Cat’s Cradle — Kurt Vonnegut — Contents
And then, one day, one Sunday, I found out where the fugitive from justice, the model-maker, the Great God Jehovah and Beelzebub of bugs in Mason jars was—where Franklin Hoenikker could be found.
He was alive!
The news was in a special supplement to the New York Sunday Times. The supplement was a paid ad for a banana republic. On its cover was the profile of the most heartbreakingly beautiful girl I ever hope to see.
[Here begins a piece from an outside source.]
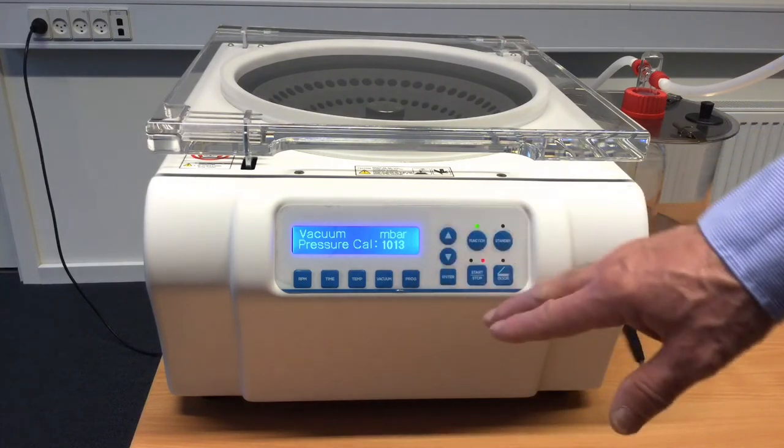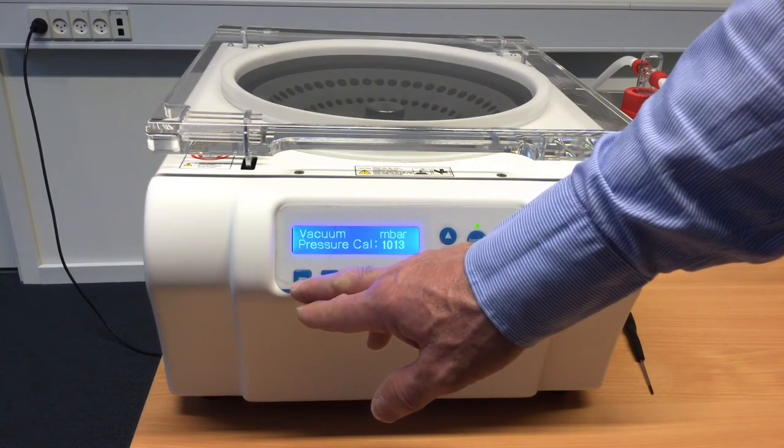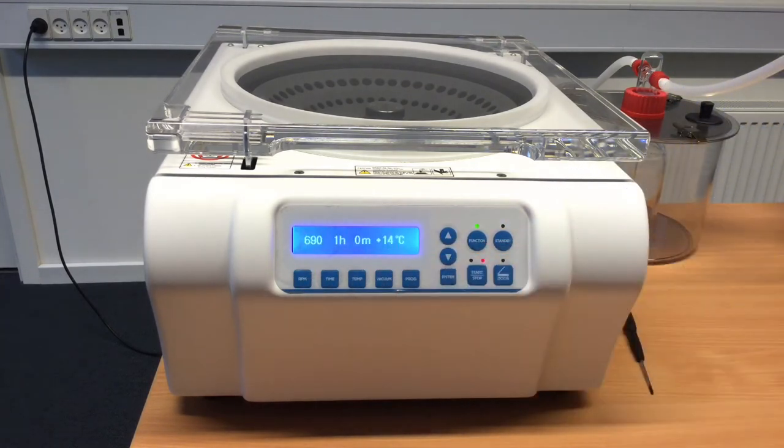We can make small programs where we specify a certain RPM, a certain time, and a certain temperature. These can be stored under different program numbers, going from 0 up to 99 programs.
Beyond the girl, bulldozers were knocking down palm trees, making a broad avenue. At the end of the avenue were the steel skeletons of three new buildings.
“The Republic of San Lorenzo,” said the copy on the cover, “on the move! A healthy, happy, progressive, freedom-loving, beautiful nation makes itself extremely attractive to American investors and tourists alike.”
I was in no hurry to read the contents. The girl on the cover was enough for me—more than enough, since I had fallen in love with her on sight. She was very young and very grave, too—and luminously compassionate and wise.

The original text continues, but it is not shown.